Directions: In this section, you are going to read a passage with ten statements attached to it. Each statement contains information given in one of the paragraphs. Identify the paragraph from which the information is derived. You may choose a paragraph more than once. Each paragraph is marked with a letter. Answer the questions by marking the corresponding letter on Answer Sheet 2.

Finding the Right Home—and Contentment, Too

[A] When your elderly relative needs to enter some sort of long-term care facility—a moment few parents or children approach without fear—what you would like is to have everything made clear.

[B] Does assisted living really mark a great improvement over a nursing home, or has the industry simply hired better interior designers? Are nursing homes as bad as people fear, or is that an out-moded stereotype(固定看法)? Can doing one's homework really steer families to the best places? It is genuinely hard to know.

[C] I am about to make things more complicated by suggesting that what kind of facility an older person lives in may matter less than we have assumed. And that the characteristics adult children look for when they begin the search are not necessarily the things that make a difference to the people who are going to move in. I am not talking about the quality of care, let me hastily add. Nobody flourishes in a gloomy environment with irresponsible staff and a poor safety record. But an accumulating body of research indicates that some distinctions between one type of elder care and another have little real bearing on how well residents do.

[D] The most recent of these studies, published in The journal of Applied Gerontology, surveyed 150 Connecticut residents of assisted living, nursing homes and smaller residential care homes (known in some states as board and care homes or adult care homes). Researchers from the University of Connecticut Health Center asked the residents a large number of questions about their quality of life, emotional well-being and social interaction, as well as about the quality of the facilities.

[E] “We thought we would see differences based on the housing types,” said the lead author of the study, Julie Robison, an associate professor of medicine at the university. A reasonable assumption—don't families struggle to avoid nursing homes and suffer real guilt if they can't?

[F] In the initial results, assisted living residents did paint the most positive picture. They were less likely to report symptoms of depression than those in the other facilities, for instance, and less likely to be bored or lonely. They scored higher on social interaction.

[G] But when the researchers plugged in a number of other variables, such differences disappeared. It is not the housing type, they found, that creates differences in residents' responses. “It is the characteristics of the specific environment they are in, combined with their own personal characteristics—how healthy they feel they are, their age and marital status,” Dr. Robison explained. Whether residents felt involved in the decision to move and how long they had lived there also proved significant.

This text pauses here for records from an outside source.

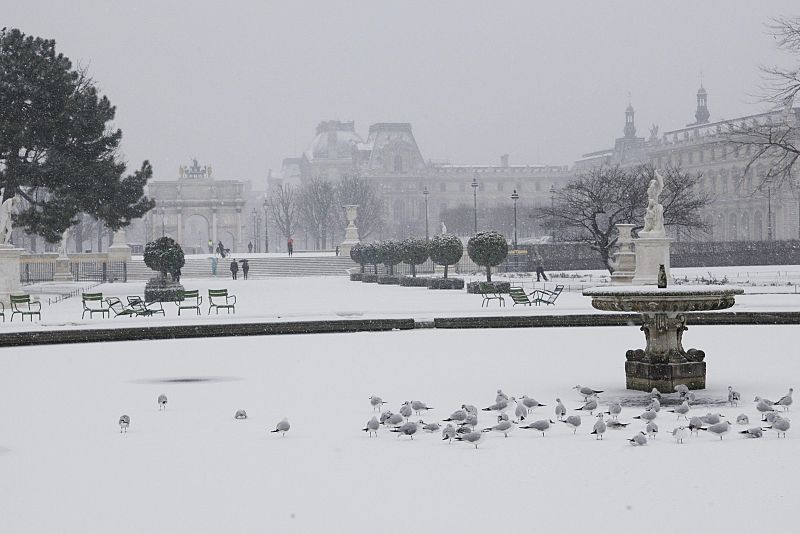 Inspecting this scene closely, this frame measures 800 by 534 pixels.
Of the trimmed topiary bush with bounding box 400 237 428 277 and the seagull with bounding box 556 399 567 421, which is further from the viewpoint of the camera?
the trimmed topiary bush with bounding box 400 237 428 277

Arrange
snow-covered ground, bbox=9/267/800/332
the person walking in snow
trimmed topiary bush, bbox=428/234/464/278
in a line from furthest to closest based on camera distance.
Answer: the person walking in snow < trimmed topiary bush, bbox=428/234/464/278 < snow-covered ground, bbox=9/267/800/332

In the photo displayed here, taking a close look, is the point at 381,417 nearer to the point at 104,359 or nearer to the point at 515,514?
the point at 515,514

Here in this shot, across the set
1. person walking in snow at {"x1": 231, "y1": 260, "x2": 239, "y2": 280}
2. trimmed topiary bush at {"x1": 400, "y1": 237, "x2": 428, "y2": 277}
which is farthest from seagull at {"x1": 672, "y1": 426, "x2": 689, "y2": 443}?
person walking in snow at {"x1": 231, "y1": 260, "x2": 239, "y2": 280}

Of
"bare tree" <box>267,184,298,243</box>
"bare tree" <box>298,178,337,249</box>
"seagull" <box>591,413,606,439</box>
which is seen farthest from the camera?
"bare tree" <box>267,184,298,243</box>

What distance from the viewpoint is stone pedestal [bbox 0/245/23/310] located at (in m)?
29.9

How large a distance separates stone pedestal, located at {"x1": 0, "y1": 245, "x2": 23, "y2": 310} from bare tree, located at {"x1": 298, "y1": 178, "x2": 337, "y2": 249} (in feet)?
207

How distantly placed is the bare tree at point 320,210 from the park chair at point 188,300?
198 feet

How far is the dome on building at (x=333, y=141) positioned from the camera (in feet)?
492

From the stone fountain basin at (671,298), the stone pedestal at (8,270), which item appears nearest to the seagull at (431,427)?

[H] An elderly person who describes herself as in poor health, therefore, might be no less depressed in assisted living (even if her children preferred it) than in a nursing home. A person who bad input into where he would move and has had time to adapt to it might do as well in a nursing home as in a small residential care home, other factors being equal. It is an interaction between the person and the place, not the sort of place in itself, that leads to better or worse experiences. “You can't just say, ‘Let's put this person in a residential care home instead of a nursing home—she will be much better off,” Dr. Robison said. What matters, she added, “is a combination of what people bring in with them, and what they find there.”

[I] Such findings, which run counter to common sense, have surfaced before. In a multi-state study of assisted living, for instance, University of North Carolina researchers found that a host of variables—the facility's type, size or age; whether a chain owned it; how attractive the neighborhood was—had no significant relationship to how the residents fared in terms of illness, mental decline, hospitalizations or mortality. What mattered most was the residents' physical health and mental status. What people were like when they came in had greater consequence than what happened one they were there.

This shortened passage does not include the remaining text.